• What you have to do
Reproduce from the records below, with no pictures, exactly the lines between the one containing "laundry room with washer and clothes dryer" and the one containing "Basketball hoop with", inclusive.

• Source information

------------------------------------------------------------

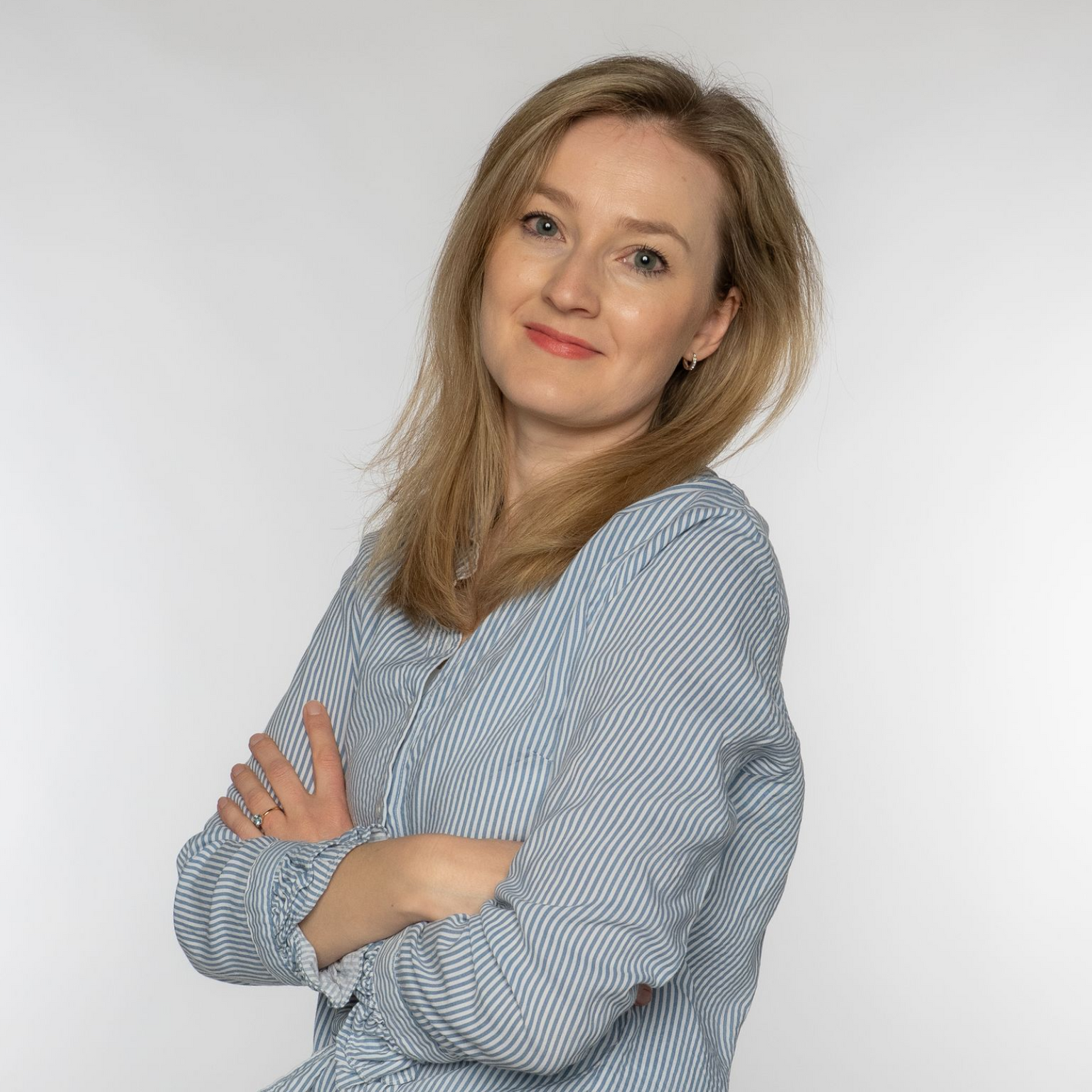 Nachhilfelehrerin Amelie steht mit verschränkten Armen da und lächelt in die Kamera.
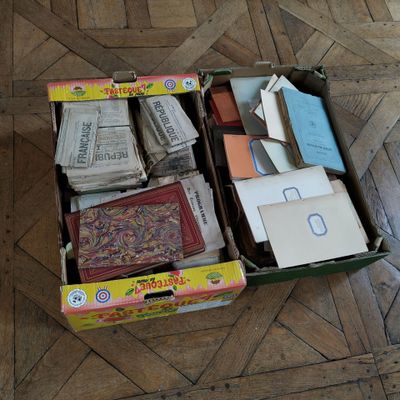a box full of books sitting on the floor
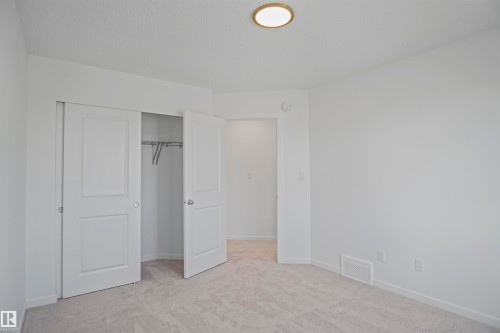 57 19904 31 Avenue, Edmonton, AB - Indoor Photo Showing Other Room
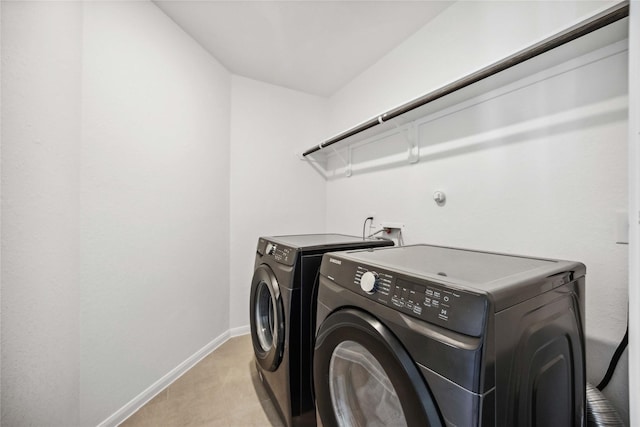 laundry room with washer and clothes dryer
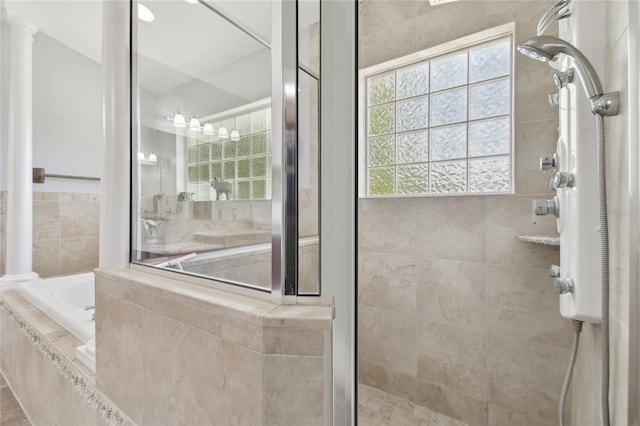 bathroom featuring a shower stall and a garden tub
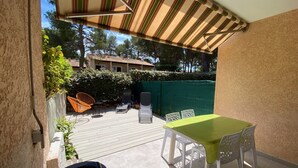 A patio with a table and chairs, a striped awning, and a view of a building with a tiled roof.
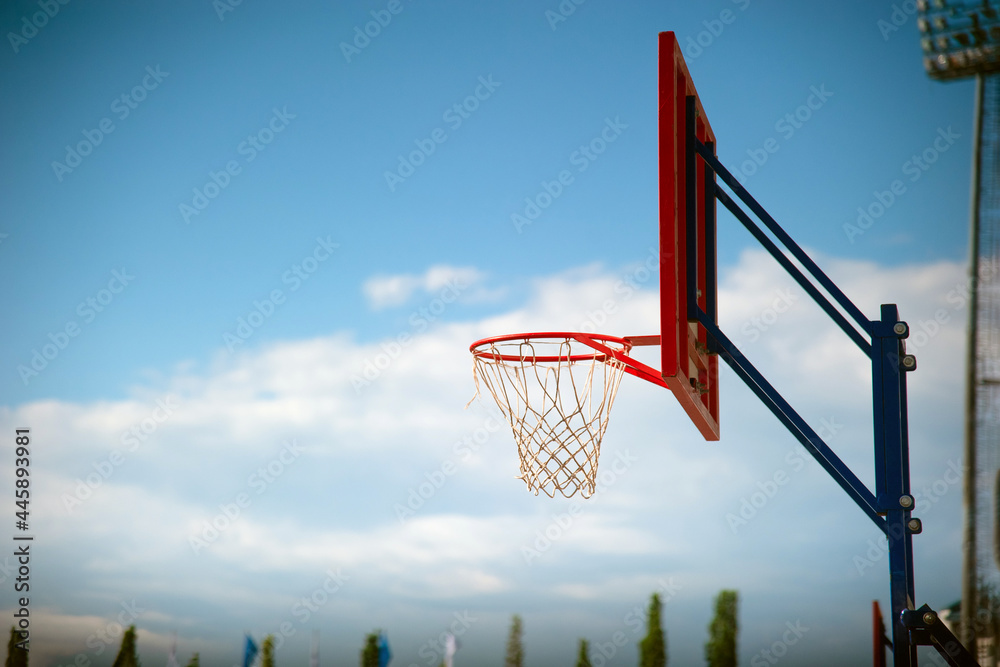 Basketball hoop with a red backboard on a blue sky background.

------------------------------------------------------------

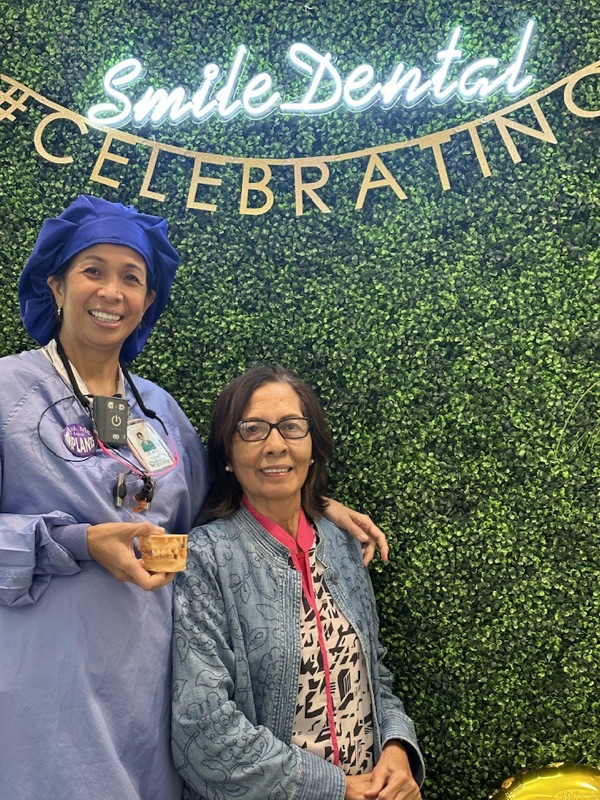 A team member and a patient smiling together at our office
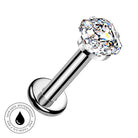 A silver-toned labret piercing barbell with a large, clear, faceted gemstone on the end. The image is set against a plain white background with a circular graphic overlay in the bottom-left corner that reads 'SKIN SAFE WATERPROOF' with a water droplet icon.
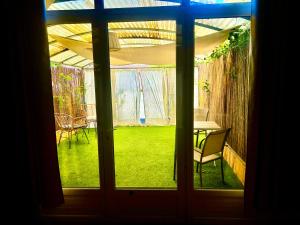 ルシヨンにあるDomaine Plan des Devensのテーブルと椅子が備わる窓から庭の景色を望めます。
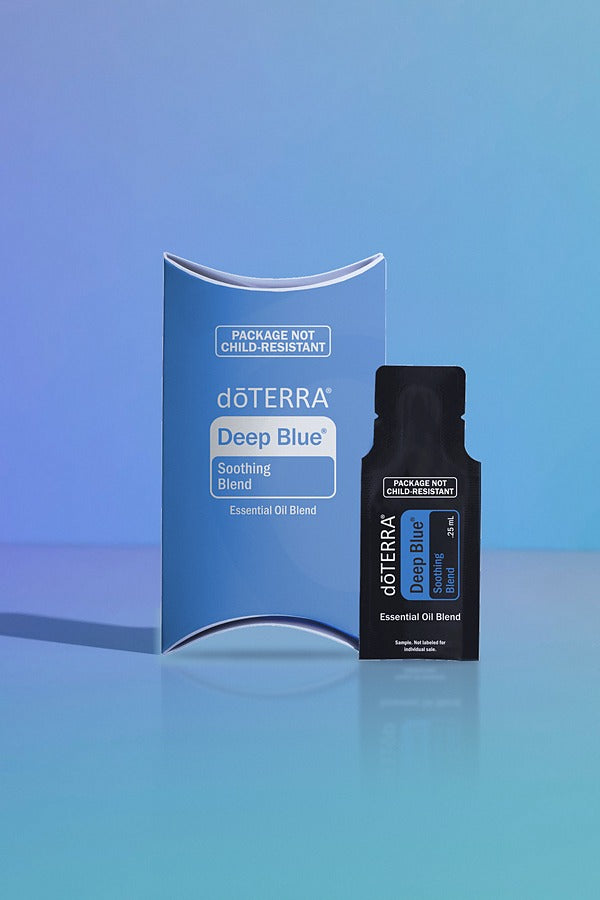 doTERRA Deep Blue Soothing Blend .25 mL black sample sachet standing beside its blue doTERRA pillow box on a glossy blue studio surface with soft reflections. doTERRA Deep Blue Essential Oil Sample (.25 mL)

------------------------------------------------------------

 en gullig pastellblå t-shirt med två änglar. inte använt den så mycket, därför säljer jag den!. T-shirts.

------------------------------------------------------------

• Written answer
 laundry room with washer and clothes dryer
 bathroom featuring a shower stall and a garden tub
 A patio with a table and chairs, a striped awning, and a view of a building with a tiled roof.
 Basketball hoop with a red backboard on a blue sky background.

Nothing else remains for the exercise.